* [Work required] Leave every image behind and restate the data word for word.

** Data below follows **

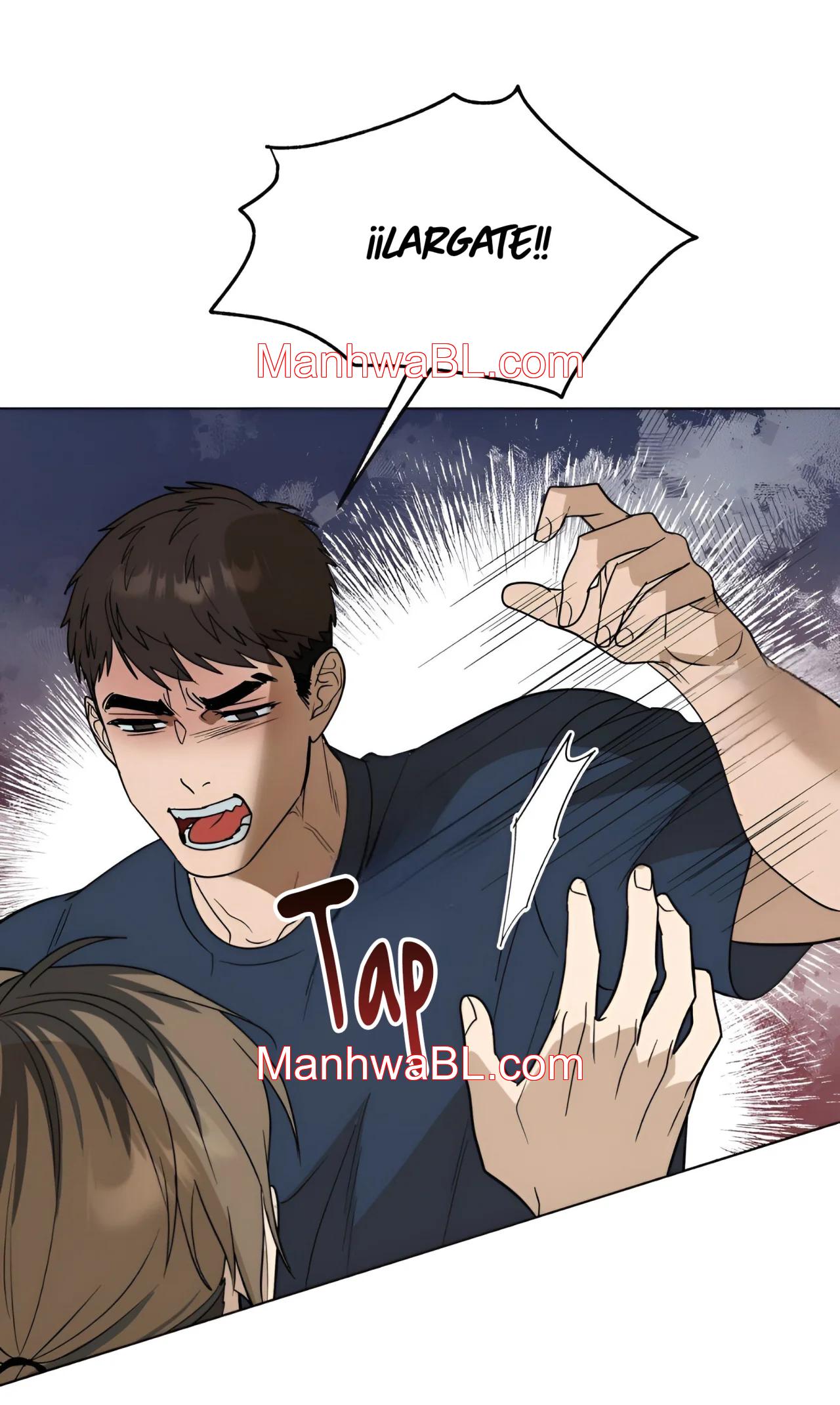 Geolsonjeon - Capítulo 28.3 manhwa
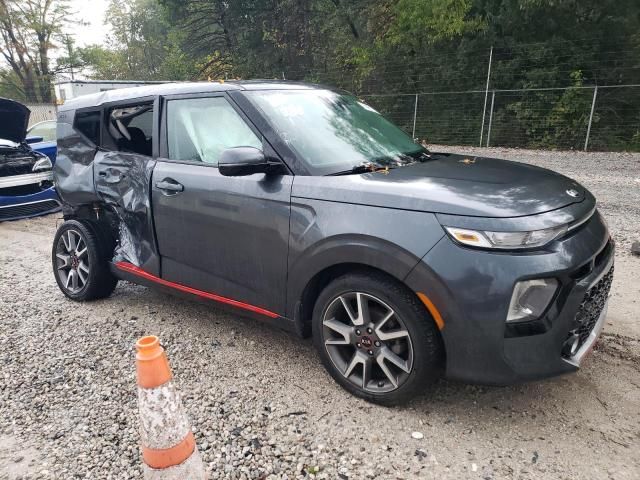 2021 KIA Soul GT Line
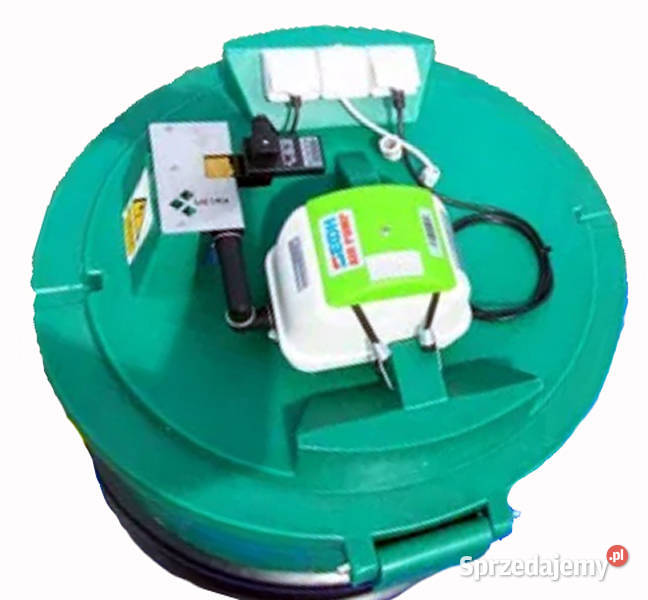 PRZYDOMOWA OCZYSZCZALNIA ŚCIEKÓW BIOLOGICZNA BDH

** End of Data below **

* [Written solution]
 Geolsonjeon - Capítulo 28.3 manhwa
 2021 KIA Soul GT Line
 PRZYDOMOWA OCZYSZCZALNIA ŚCIEKÓW BIOLOGICZNA BDH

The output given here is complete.